Top Secret: Pentagon Leak Sheds Light on Insider Attack Threat
Recent uproar over exposed US classified documents is creating buzz regarding internal cyberthreat resilience and response.
After a US National Guardsman allegedly leaked hundreds of the country’s most sensitive classified documents, security experts are pondering the best ways to protect intellectual property from internal threats in the enterprise.
Jack Teixeira, a 21-year-old enlisted IT worker for the Massachusetts Air National guard, was arrested on charges of illegally sharing top-secret national defense information after a New York Times report linked him to photos of the classified documents shared on social media. A Financial Times article suggested thousands of people had access to the same classified material.
The breach exposed critical US secrets regarding the war in Ukraine.

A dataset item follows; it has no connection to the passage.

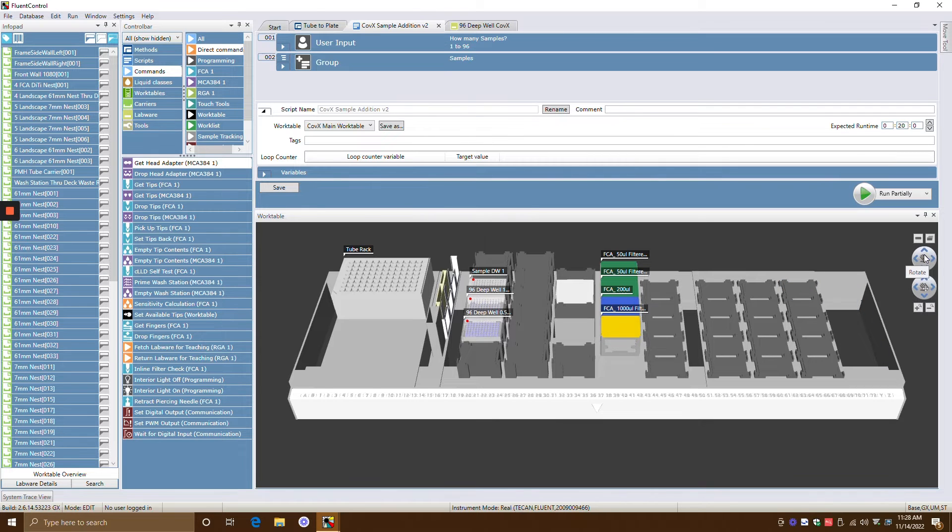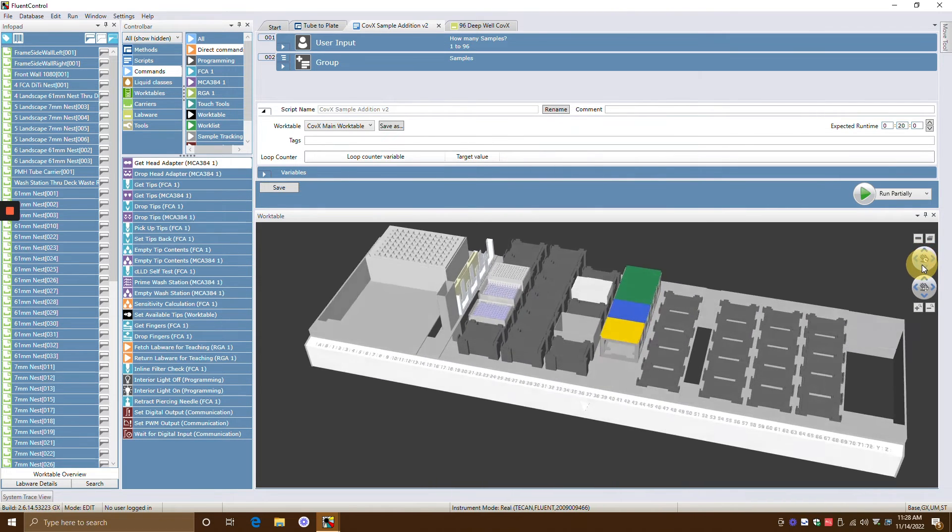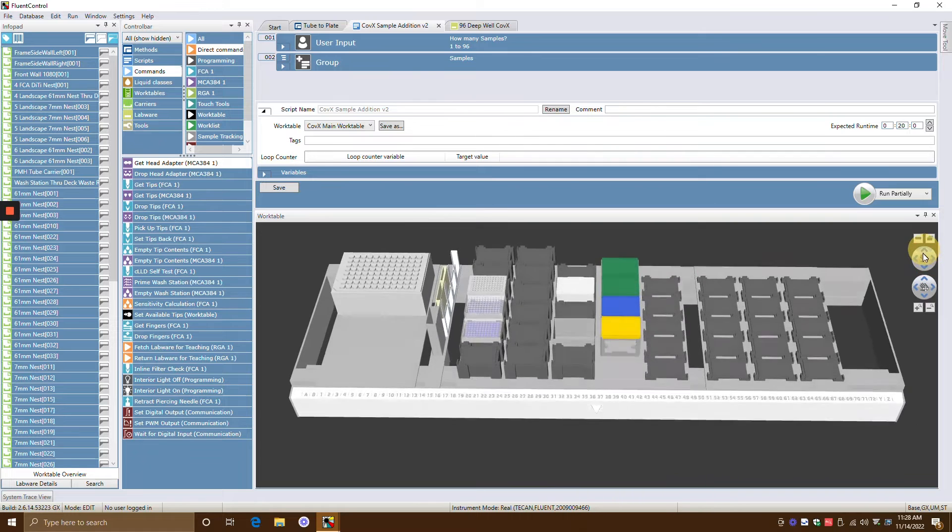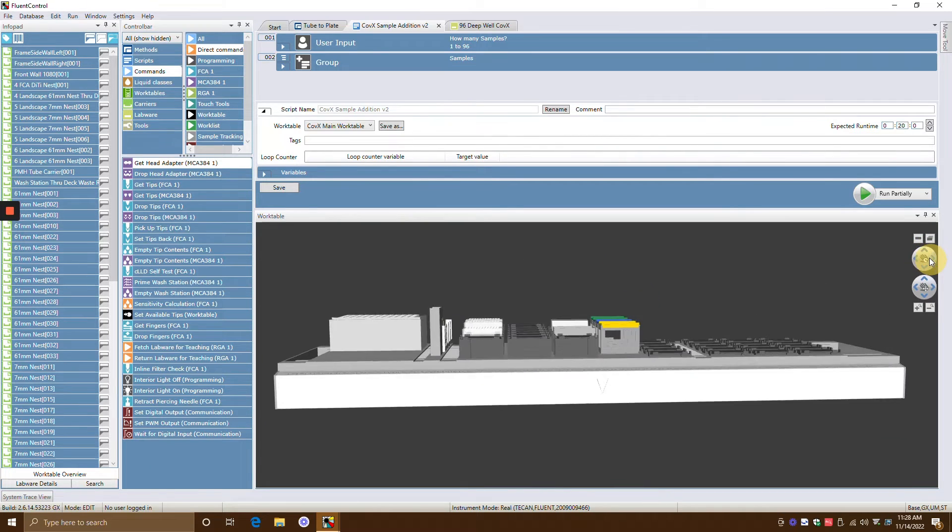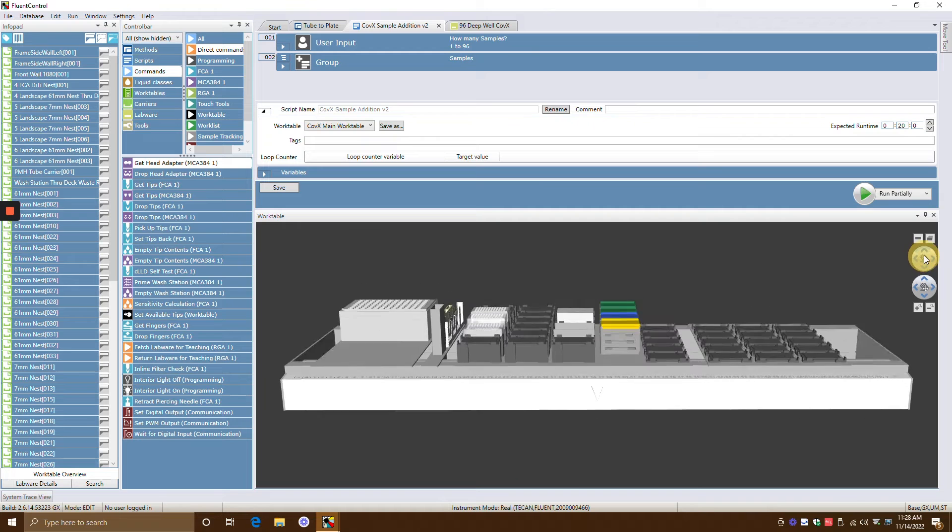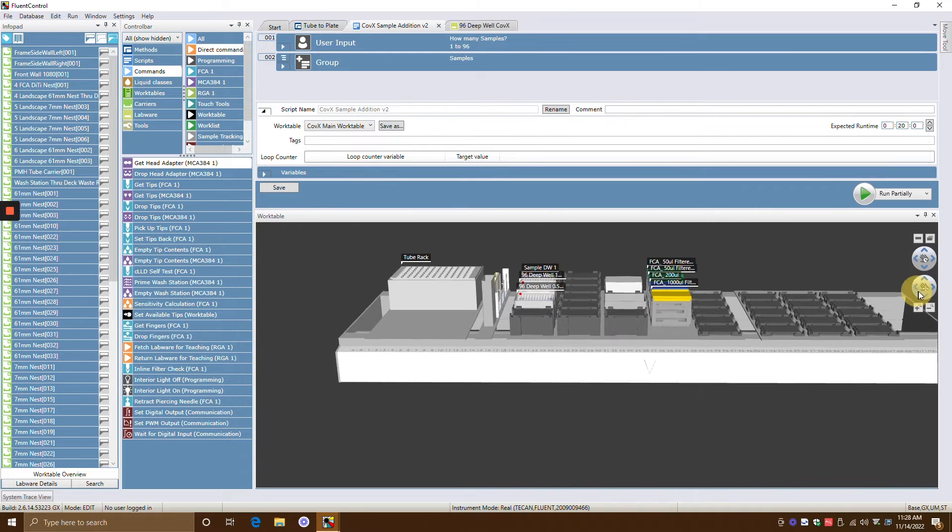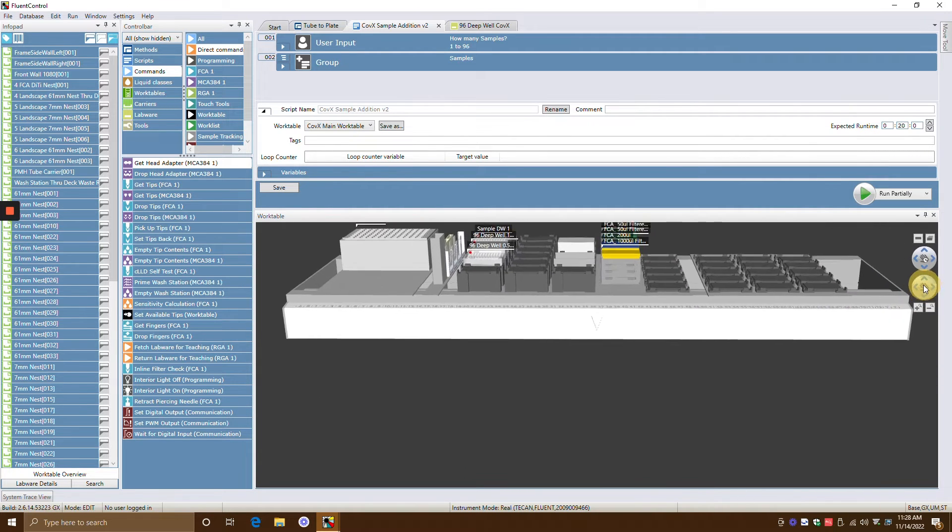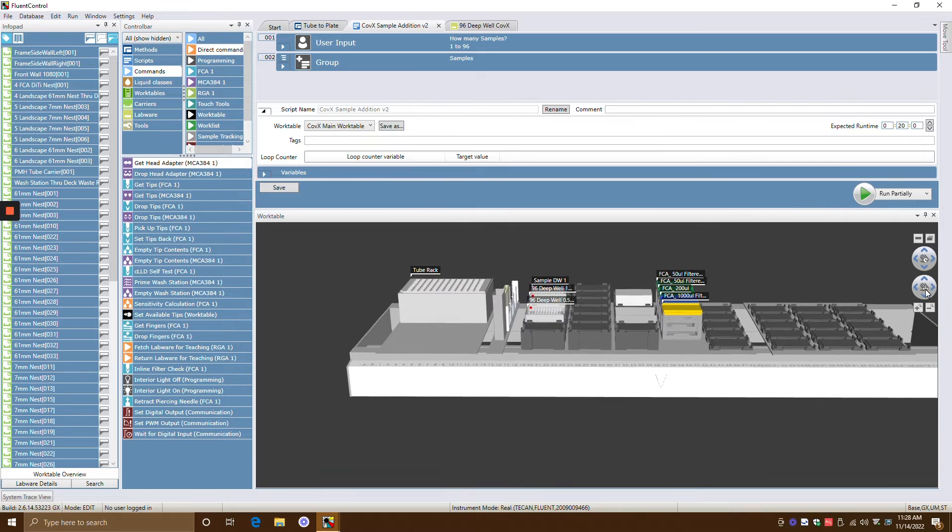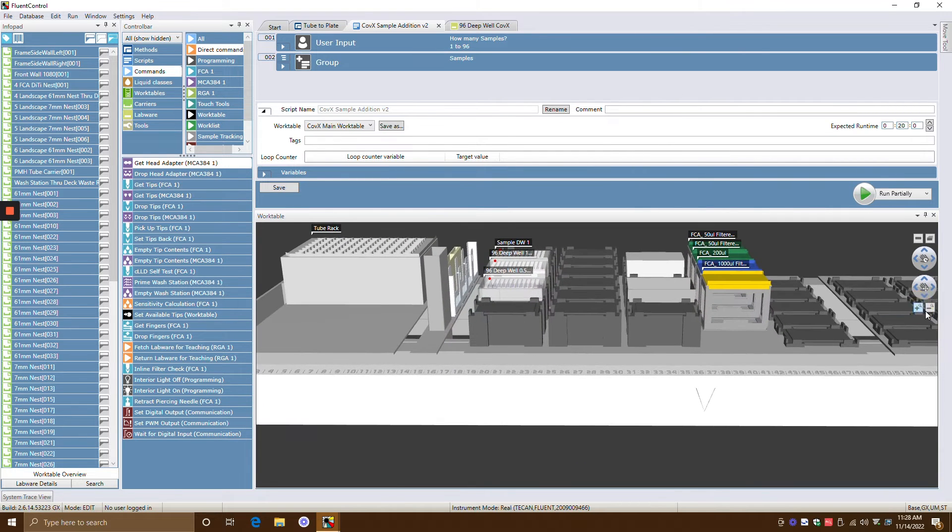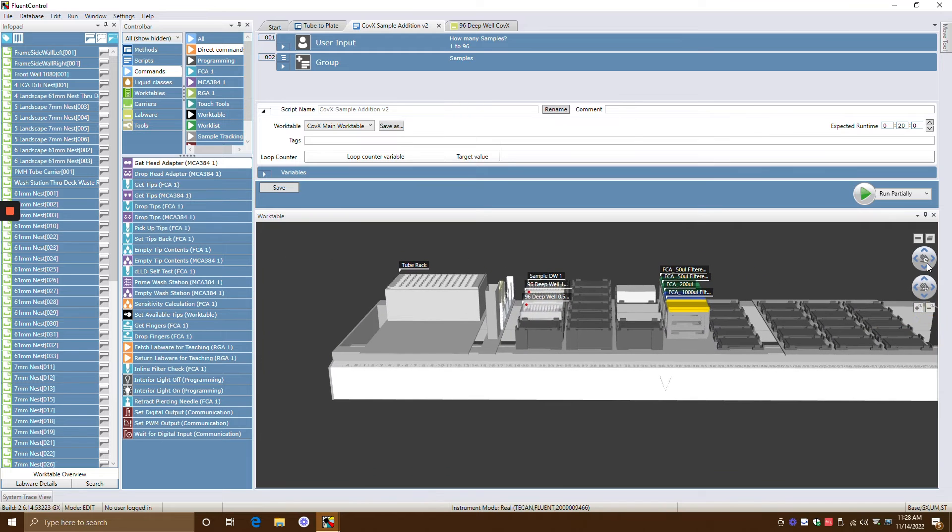This is the rotate. So sometimes if you want to be able to rotate up and down and left and right to kind of see your work table a little bit more clearly, that's what it is. This is the pan. This is just left, right, up, down, but you're not really rotating anything. And these are your zoom buttons. So this is the zoom in and this is the zoom out.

While national security may not be at stake with enterprise breaches, internal threats can wreak havoc on businesses. Such business breaches rarely attract the same level of press attention, but cybersecurity experts are well versed in internal threats both from negligence and malicious intent.
Zero Trust and Behavioral Analytics
Maxine Holt, senior director of content for Omdia’s cybersecurity research group, says organizations can employ behavioral analytics and zero-trust policies to help defend against and respond to internal threats. “We’ve seen a lot of organizations deploy more behavioral analytics to see what employees are doing and to see if anything is out of the ordinary,” she says. “That can certainly help from a security standpoint.” Omdia is owned by Informa.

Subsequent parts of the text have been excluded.